● TASK STATEMENT
Please output the listing below character for character and omit the images.

● SOURCE MATERIAL
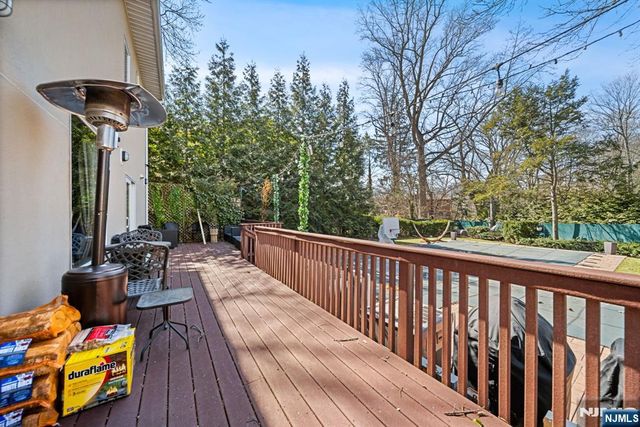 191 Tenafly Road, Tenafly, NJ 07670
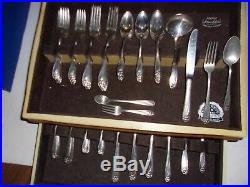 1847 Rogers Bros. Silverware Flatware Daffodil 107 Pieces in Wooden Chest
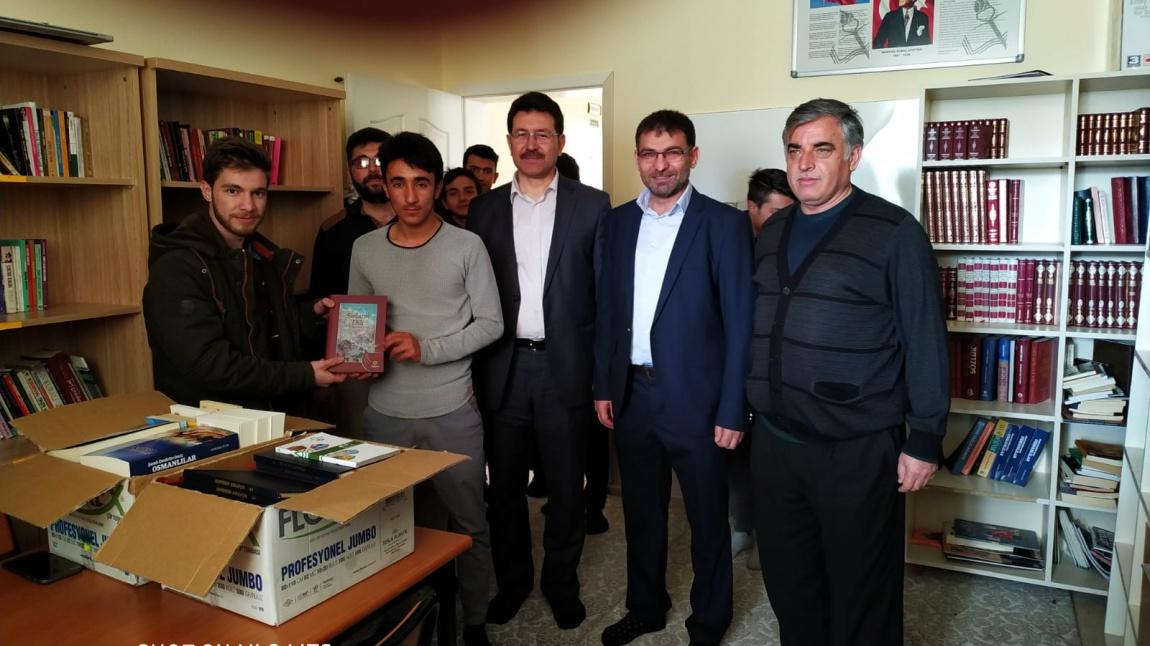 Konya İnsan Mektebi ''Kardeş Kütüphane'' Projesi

● WRITTEN REPLY
 191 Tenafly Road, Tenafly, NJ 07670
 1847 Rogers Bros. Silverware Flatware Daffodil 107 Pieces in Wooden Chest
 Konya İnsan Mektebi ''Kardeş Kütüphane'' Projesi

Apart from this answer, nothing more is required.